Opal and Quake are planetary doublets, and when they approach their stellar primary the summer tides on the oceans of Opal are violent indeed. Since Opal is nothing but ocean, those who live on the floating rafts dread summertide with a vengeance. Quake, on the other hand, has no water. Thus, summertide produces earthquakes and volcanic action of such magnitude that it is death to stay on the surface.
Why then, wonders Max Perry, Opal’s planetary administrator, do no fewer than three individuals wish to visit Quake during its most violent period? More important, why have his superiors dispatched Hans Rebka to Opal? Rebka is a troubleshooter with a galaxy-wide reputation for getting the job done, whatever it requires. What is his job on Opal?
Darya Lang is one of those who wish to visit Quake. Professor Lang is the foremost expert on a vanished alien race known as the Builders.

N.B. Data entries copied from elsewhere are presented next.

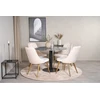 Venture Design Valgomojo stalas, Estelle, ø106xA75 cm, Juodas / Valgomasis kėdė, Velvet Deluxe, 66x88.5x50 cm, Bėžinės spalva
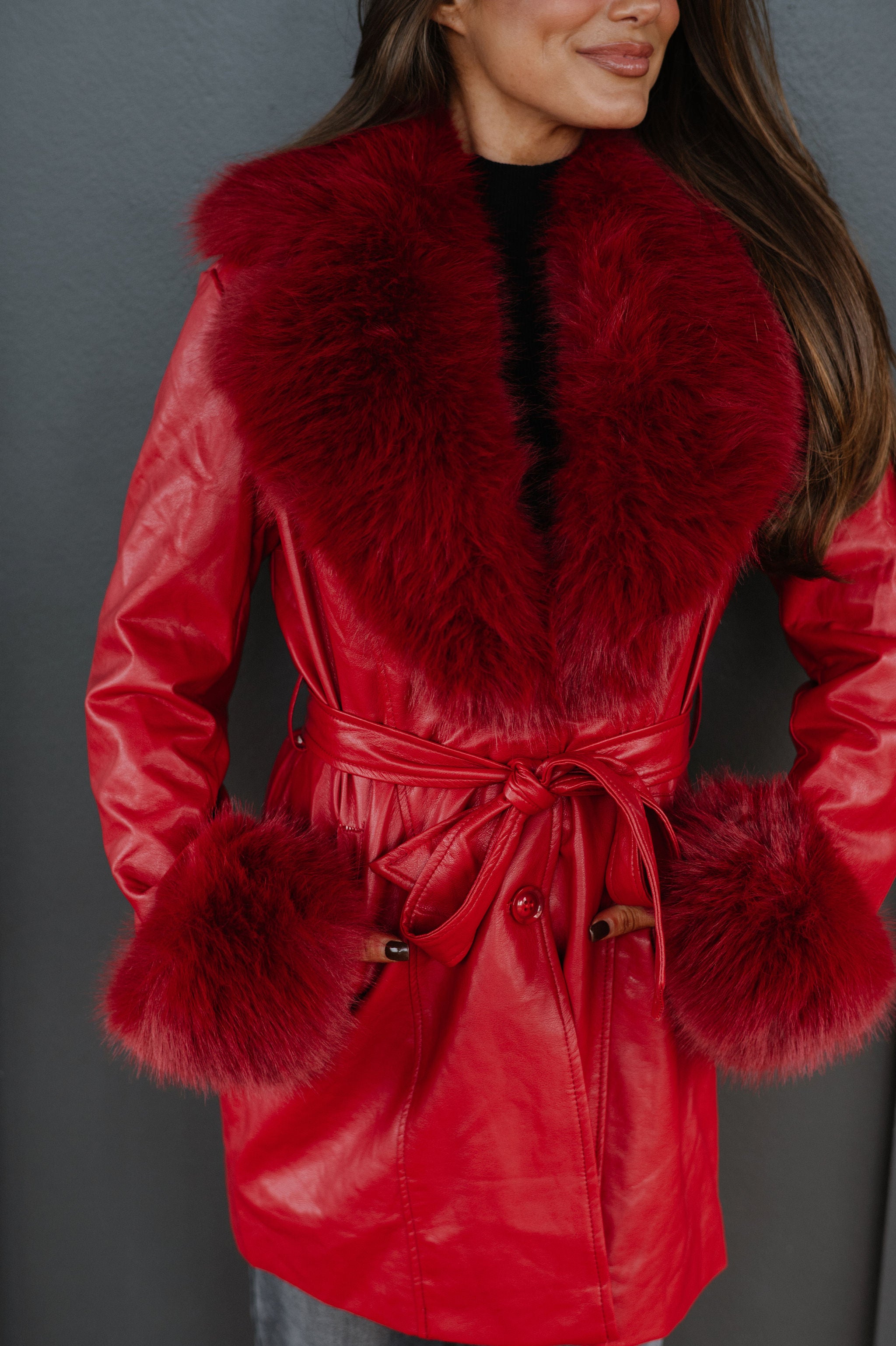 Ginny Fur Trim Coat-Red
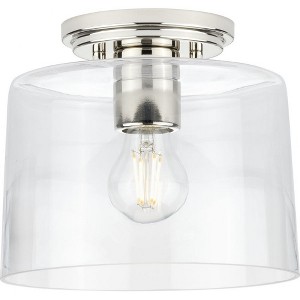 Progress Lighting, Adley Collection, 1-Light Flush Mount, Polished Nickel, Clear Glass Shade - 1 of 1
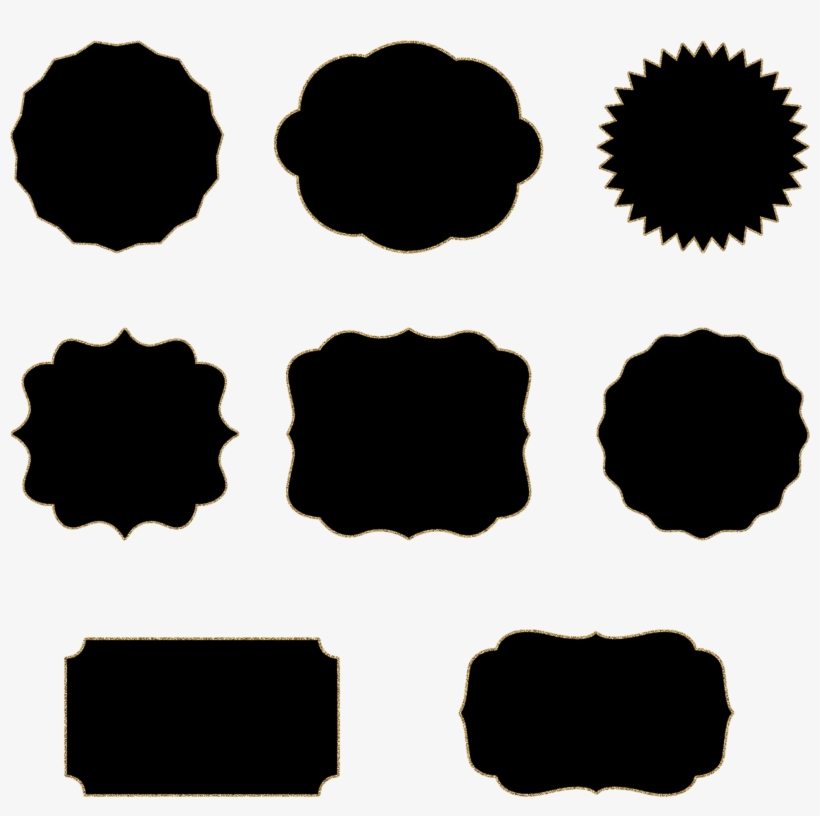 Frames Black And Gold Glitter Border Digital - Amscan Bright Pink Paper Cups 20 Pack, transparent png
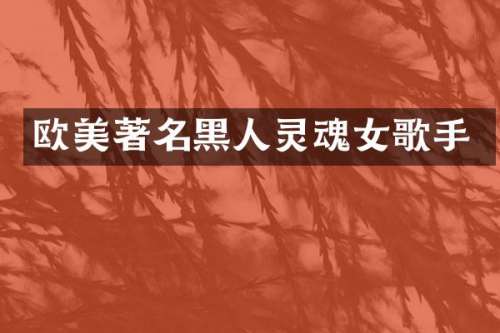 欧美著名黑人灵魂女歌手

Such is also the case with Atvar H’sial and Louis Nenda, although neither is as well-known as Darya. Nevertheless, all three have come to the same conclusion: Something is going to happen on Quake during summertide which may answer many questions concerning the Builders. Thus, each of them needs to be present--regardless of the risk. That determination conflicts with the agendas of Perry and Rebka, who also must deal with another prospective visitor, Councilor Julius Graves. Councilor Graves’s ostensible purpose in visiting Quake is to look for two young women charged with genocide.
SUMMERTIDE is identified as “Book One of The Heritage Universe.” The close of the work finds Rebka and Lang, with some rather bizarre companions, headed off into the galaxy in pursuit of they are not exactly sure what. Charles Sheffield is quite adept at sustaining multiple story lines. Moreover, he reveals information concerning his version of the universe gradually and yet in such a manner that the reader is not presented with an encyclopedia. SUMMERTIDE is the closest thing to Dune in a long time. May Charles Sheffield prosper!